# Lab 06 - Generative adversarial networks

## Introduction

In this laboratory we will implement what is called in the literature a Cycle GAN (https://arxiv.org/pdf/1703.10593.pdf). These are powerful models that can learn to translate images without having paired samples to learn from.

A Generative Adversarial Network can generate novel data that is similar to that found in the training set (comes from the same distribution). As you've seen in the lecture, classic models can take random noise as input and learn to generate such data. There are also models where, in addition to the random noise, the model can take another input which it is meant to translate. For instance, this paper https://arxiv.org/pdf/1611.07004.pdf showcases translating images containing outlines alone to fully fledged objects.

![](./edge_to_obj_.png)

In such cases, there are pairs of desired inputs and outputs. However, it is rarely the case that we can create or benefit from such well structured datasets. The general case consists in samples gathered separately from the two classes that we wish to translate. For instance you can have several images of horses, and several images of zebras with no way of pairing them.

![](./h2z.png)

A CycleGAN can learn to translate from one class to another given such a scenario.

## CycleGAN

A CycleGAN primarily consists in have two GAN models: one that translates from the first class to the second, and one that translates from the second class to the first. Lets name those classes X and Y.

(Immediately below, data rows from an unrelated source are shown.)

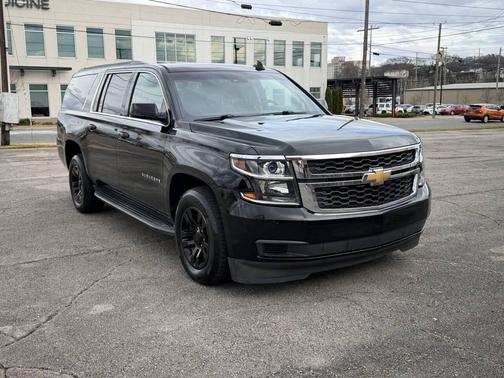 2016 Chevrolet Suburban LT
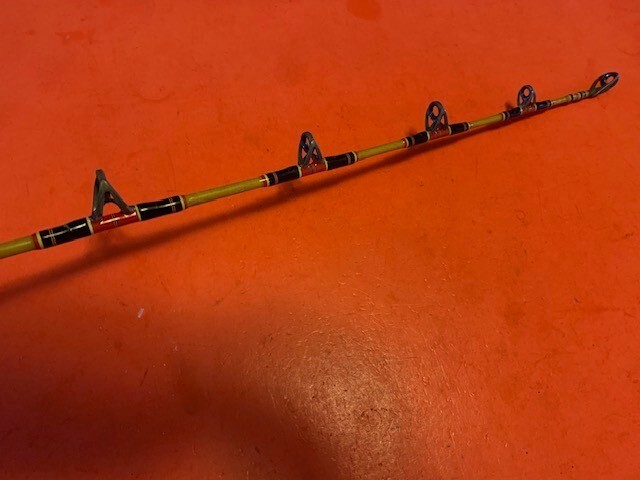 VINTAGE CUSTOM BUILT FENWICK 1670 6 FOOT 6 INCH 30 TO 60# JIG STICK FISHING ROD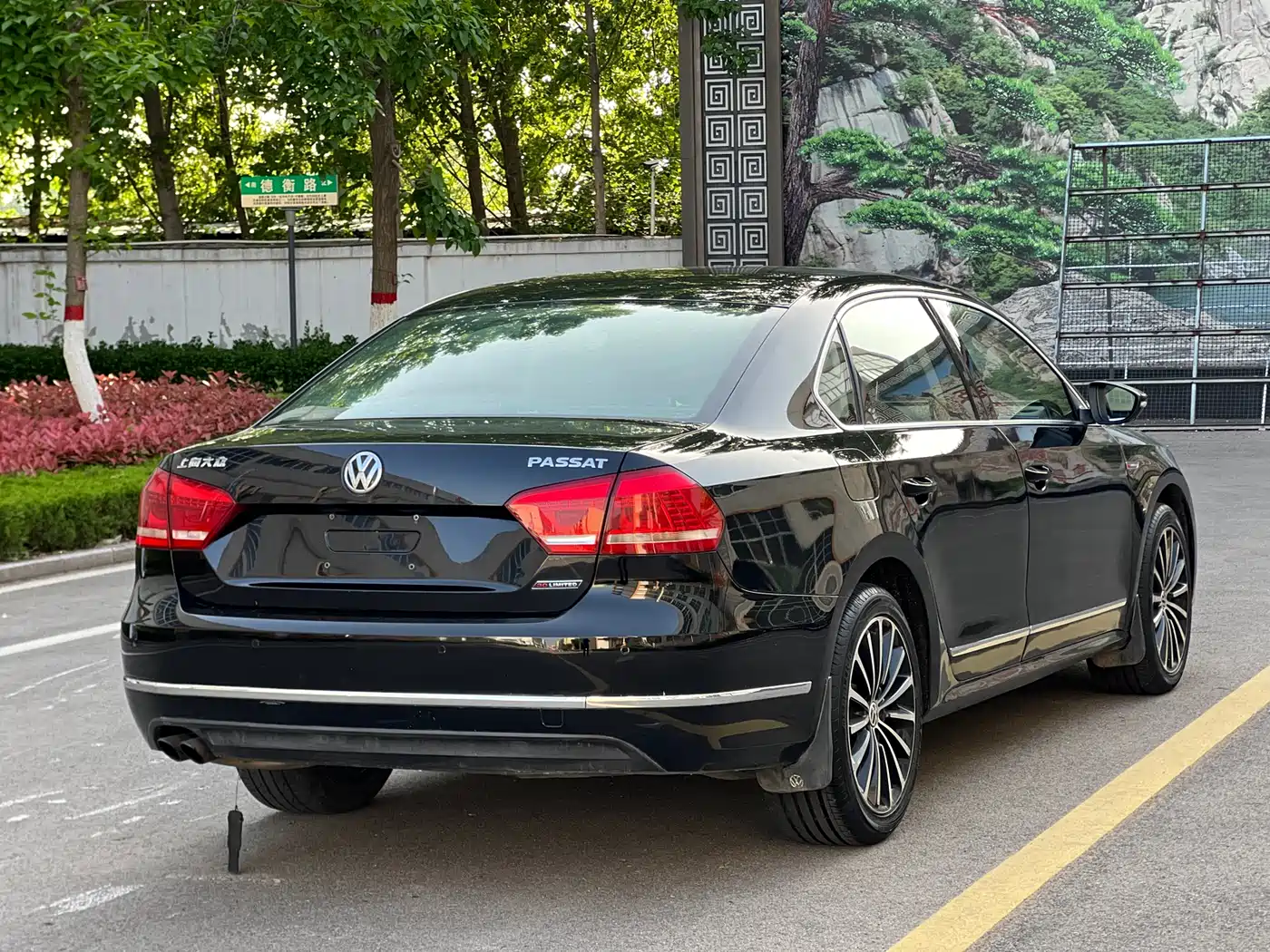 Volkswagen Passat 2015 1.8TSI DSG Prestige Edition фото 6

There will be a generator that takes as input an image from the X class and outputs an image from the Y class, a discrimiator that has to distinguish real Y images from fake ones, a generator that translates from Y to X and a final distriminator that classifies real and fake X images.

In order to prevent the generators to output a single image from the opposite class regardless of the input there is an additional factor that the model has to optimize; the most important aspect of the architecture. The translations have to be cycle consistent. This means that if we take an X image and translate it into a Y image, and then translate it again into an X image, we should end up with the exact same image we started with. This is the fundamental ideea of this model.

![](./cycle.png)

Additionally, we will introduce another loss term. Given a X image, we what that the generator that translates from Y to X to exactly reproduce it (identity loss), similarly, the other way around.

## Implemenatation

With the help of your superviser you can implement a CycleGAN starting from this code skeleton. The example featured will be translating apples to oranges, this is so that a model trained for a few iterations can provide visually interesting results. The same model cand then be applied to the zebras to horses dataset, provided you train the model for a larger number of iterations, all you have to do is replace the 'apple2orange' dataset name to 'horse2zebra'. The script will load that dataset and train the model on it without any other changes required.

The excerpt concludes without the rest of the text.